The task - Return the lines below exactly, starting with the line that contains "2021 Toyota Sienna XLE" and stopping after the last line.

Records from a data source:
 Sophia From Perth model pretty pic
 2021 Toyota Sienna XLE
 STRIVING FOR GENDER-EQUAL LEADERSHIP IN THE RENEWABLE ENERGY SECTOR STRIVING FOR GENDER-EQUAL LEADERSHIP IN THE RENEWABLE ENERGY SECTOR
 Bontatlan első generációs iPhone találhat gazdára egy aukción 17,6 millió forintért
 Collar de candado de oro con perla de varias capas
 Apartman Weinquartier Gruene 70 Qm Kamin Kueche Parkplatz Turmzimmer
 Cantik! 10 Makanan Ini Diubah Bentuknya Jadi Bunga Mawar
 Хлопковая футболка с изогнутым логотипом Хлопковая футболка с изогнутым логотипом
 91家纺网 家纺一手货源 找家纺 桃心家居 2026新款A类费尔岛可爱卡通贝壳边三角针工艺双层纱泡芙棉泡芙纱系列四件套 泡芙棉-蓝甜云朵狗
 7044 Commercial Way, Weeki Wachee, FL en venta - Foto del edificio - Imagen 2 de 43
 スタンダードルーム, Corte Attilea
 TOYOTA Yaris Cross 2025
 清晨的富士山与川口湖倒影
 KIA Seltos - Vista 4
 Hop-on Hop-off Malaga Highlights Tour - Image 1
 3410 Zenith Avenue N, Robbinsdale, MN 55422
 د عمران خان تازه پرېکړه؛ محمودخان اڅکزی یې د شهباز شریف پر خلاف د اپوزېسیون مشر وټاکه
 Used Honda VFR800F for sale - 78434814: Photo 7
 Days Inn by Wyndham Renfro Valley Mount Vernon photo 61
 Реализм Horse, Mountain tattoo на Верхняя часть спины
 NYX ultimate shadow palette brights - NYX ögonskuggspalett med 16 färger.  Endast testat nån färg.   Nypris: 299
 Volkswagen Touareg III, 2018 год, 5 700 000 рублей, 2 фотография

Exercise solution -
 2021 Toyota Sienna XLE
 STRIVING FOR GENDER-EQUAL LEADERSHIP IN THE RENEWABLE ENERGY SECTOR STRIVING FOR GENDER-EQUAL LEADERSHIP IN THE RENEWABLE ENERGY SECTOR
 Bontatlan első generációs iPhone találhat gazdára egy aukción 17,6 millió forintért
 Collar de candado de oro con perla de varias capas
 Apartman Weinquartier Gruene 70 Qm Kamin Kueche Parkplatz Turmzimmer
 Cantik! 10 Makanan Ini Diubah Bentuknya Jadi Bunga Mawar
 Хлопковая футболка с изогнутым логотипом Хлопковая футболка с изогнутым логотипом
 91家纺网 家纺一手货源 找家纺 桃心家居 2026新款A类费尔岛可爱卡通贝壳边三角针工艺双层纱泡芙棉泡芙纱系列四件套 泡芙棉-蓝甜云朵狗
 7044 Commercial Way, Weeki Wachee, FL en venta - Foto del edificio - Imagen 2 de 43
 スタンダードルーム, Corte Attilea
 TOYOTA Yaris Cross 2025
 清晨的富士山与川口湖倒影
 KIA Seltos - Vista 4
 Hop-on Hop-off Malaga Highlights Tour - Image 1
 3410 Zenith Avenue N, Robbinsdale, MN 55422
 د عمران خان تازه پرېکړه؛ محمودخان اڅکزی یې د شهباز شریف پر خلاف د اپوزېسیون مشر وټاکه
 Used Honda VFR800F for sale - 78434814: Photo 7
 Days Inn by Wyndham Renfro Valley Mount Vernon photo 61
 Реализм Horse, Mountain tattoo на Верхняя часть спины
 NYX ultimate shadow palette brights - NYX ögonskuggspalett med 16 färger.  Endast testat nån färg.   Nypris: 299
 Volkswagen Touareg III, 2018 год, 5 700 000 рублей, 2 фотография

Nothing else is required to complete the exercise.